Blobstore: Twitter’s in-house photo storage system

Tuesday, 11 December 2012

Millions of people turn to Twitter to share and discover photos. To make it possible to upload a photo and attach it to your Tweet directly from Twitter, we partnered with Photobucket in 2011. As soon as photos became a more native part of the Twitter experience, more and more people began using this feature to share photos.

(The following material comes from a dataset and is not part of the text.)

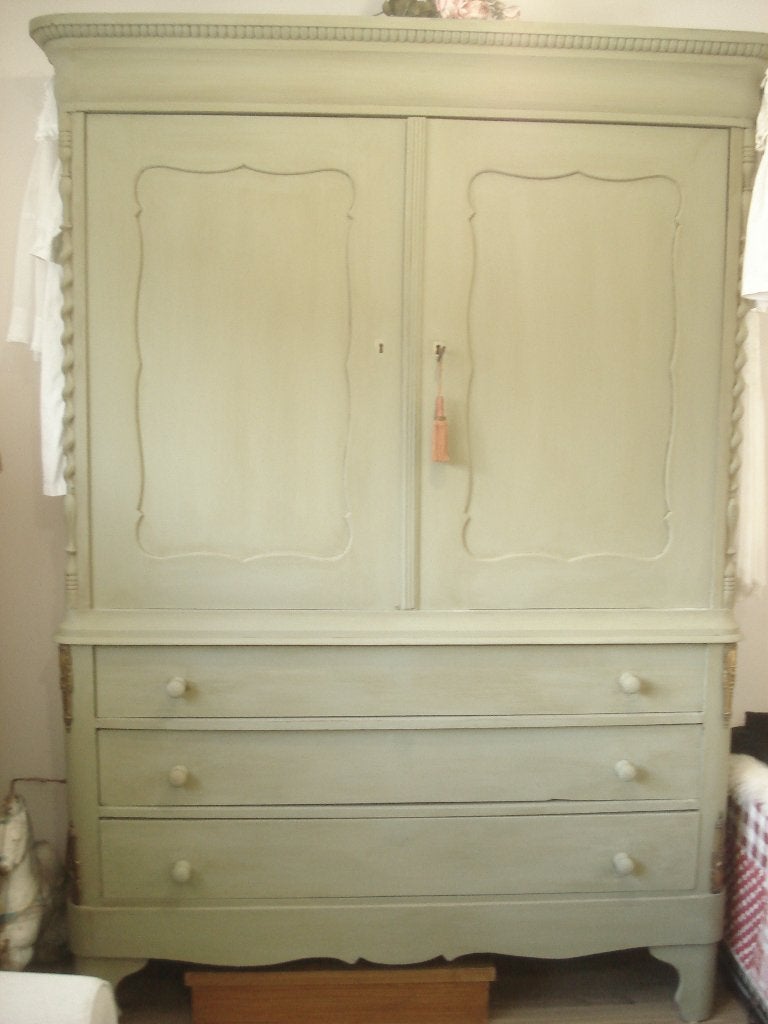 Kabinet kast..., Ophalen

In order to introduce new features and functionality, such as filters, and continue to improve the photos experience, Twitter’s Core Storage team began building an in-house photo storage system. In September, we began to use this new system, called Blobstore.

What is Blobstore?

Blobstore is Twitter’s low-cost and scalable storage system built to store photos and other binary large objects, also known as blobs. When we set out to build Blobstore, we had three design goals in mind:

Low Cost: Reduce the amount of money and time Twitter spent on storing Tweets with photos.
High Performance: Serve images in the low tens of milliseconds, while maintaining a throughput of hundreds of thousands of requests per second.
Easy to Operate: Be able to scale operational overhead with Twitter’s continuously growing infrastructure.

How does it work?

When a user tweets a photo, we send the photo off to one of a set of Blobstore front-end servers. The front-end understands where a given photo needs to be written, and forwards it on to the servers responsible for actually storing the data. These storage servers, which we call storage nodes, write the photo to a disk and then inform a Metadata store that the image has been written and instruct it to record the information required to retrieve the photo. This Metadata store, which is a non-relational key-value store cluster with automatic multi-DC synchronization capabilities, spans across all of Twitter’s data centers providing a consistent view of the data that is in Blobstore.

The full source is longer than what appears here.